Microsoft Patch Tuesday, September 2015

Today marks Patch Tuesday for September and this month brings with it 12 bulletins. Four are rated Critical, and eight are rated Important. Across all bulletins, a total of 55 individual CVEs are patched this month.

Of the four Critical bulletins, both Internet Explorer and the new MS Edge browser make an appearance with seventeen vulnerabilities patched in IE and four patched in Edge. The most critical of these could allow for remote code execution if the attacker can lure a user to a maliciously crafted webpage.

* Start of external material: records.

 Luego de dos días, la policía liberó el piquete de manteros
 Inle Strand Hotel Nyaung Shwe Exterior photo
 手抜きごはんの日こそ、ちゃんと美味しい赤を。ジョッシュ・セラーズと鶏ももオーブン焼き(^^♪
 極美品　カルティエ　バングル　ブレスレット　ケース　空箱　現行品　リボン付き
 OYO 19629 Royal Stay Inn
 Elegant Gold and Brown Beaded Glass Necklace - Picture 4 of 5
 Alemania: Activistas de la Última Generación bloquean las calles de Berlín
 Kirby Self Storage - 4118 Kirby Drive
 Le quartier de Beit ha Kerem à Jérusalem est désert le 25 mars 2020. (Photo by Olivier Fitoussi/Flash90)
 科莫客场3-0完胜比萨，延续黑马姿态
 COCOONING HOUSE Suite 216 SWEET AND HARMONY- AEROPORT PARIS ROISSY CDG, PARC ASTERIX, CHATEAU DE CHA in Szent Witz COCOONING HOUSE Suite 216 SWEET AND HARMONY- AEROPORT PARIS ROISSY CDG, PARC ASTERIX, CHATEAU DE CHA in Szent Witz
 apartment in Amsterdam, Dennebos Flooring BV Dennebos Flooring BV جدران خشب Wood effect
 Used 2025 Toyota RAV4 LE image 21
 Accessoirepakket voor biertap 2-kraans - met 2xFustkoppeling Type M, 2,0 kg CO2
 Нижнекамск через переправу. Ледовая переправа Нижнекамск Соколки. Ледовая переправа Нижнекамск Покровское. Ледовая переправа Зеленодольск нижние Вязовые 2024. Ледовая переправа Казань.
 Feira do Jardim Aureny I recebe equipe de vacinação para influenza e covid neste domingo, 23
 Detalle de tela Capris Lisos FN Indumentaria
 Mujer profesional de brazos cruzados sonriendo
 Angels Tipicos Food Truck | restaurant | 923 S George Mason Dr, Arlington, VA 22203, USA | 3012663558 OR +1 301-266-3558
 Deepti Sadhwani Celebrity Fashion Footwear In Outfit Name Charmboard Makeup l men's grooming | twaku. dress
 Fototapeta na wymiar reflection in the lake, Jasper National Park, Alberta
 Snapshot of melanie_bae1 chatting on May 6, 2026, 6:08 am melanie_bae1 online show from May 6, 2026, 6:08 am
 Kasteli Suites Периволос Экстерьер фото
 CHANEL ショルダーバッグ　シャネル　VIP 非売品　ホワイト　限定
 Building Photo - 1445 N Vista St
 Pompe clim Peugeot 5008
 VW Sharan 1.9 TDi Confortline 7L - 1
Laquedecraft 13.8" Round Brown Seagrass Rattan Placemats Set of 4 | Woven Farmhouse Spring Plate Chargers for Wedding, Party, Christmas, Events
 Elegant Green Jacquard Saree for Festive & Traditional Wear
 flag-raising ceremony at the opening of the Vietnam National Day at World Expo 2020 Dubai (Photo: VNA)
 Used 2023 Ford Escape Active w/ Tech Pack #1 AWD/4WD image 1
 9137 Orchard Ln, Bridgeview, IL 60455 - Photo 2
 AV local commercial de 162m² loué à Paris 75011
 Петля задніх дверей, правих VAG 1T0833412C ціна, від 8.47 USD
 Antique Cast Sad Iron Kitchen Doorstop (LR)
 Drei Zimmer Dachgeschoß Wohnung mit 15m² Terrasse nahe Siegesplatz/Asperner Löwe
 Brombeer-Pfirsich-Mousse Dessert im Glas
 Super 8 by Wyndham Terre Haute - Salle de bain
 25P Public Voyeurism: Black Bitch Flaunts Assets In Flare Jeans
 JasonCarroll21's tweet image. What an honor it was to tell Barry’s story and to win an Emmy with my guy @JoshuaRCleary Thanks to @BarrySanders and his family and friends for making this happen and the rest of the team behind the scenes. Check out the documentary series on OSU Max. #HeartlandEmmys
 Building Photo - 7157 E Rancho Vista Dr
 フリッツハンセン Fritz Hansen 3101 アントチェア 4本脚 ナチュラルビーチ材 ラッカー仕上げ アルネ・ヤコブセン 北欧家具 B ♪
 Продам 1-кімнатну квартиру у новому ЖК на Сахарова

The other two Critical vulnerabilities are in Windows Journal and Microsoft Graphics Component. The Journal vulnerability can result in remote code execution if a user opens a maliciously crafted Journal file, while the Graphics vulnerability can also result in remote code execution if a user opens a document or visits a website with malicious OpenType font embedded in it.

MS15-094
CVE-2015-2483, CVE-2015-2484, CVE-2015-2485, CVE-2015-2486, CVE-2015-2487, CVE-2015-2489, CVE-2015-2490, CVE-2015-2491, CVE-2015-2492, CVE-2015-2493, CVE-2015-2494, CVE-2015-2498, CVE-2015-2499, CVE-2015-2500, CVE-2015-2501, CVE-2015-2541, CVE-2015-2542
Critical
Cumulative Security Update for Internet Explorer

This security update resolves vulnerabilities in Internet Explorer. The most severe of the vulnerabilities could allow remote code execution if a user views a specially crafted webpage using Internet Explorer. An attacker who successfully exploited these vulnerabilities could gain the same user rights as the current user.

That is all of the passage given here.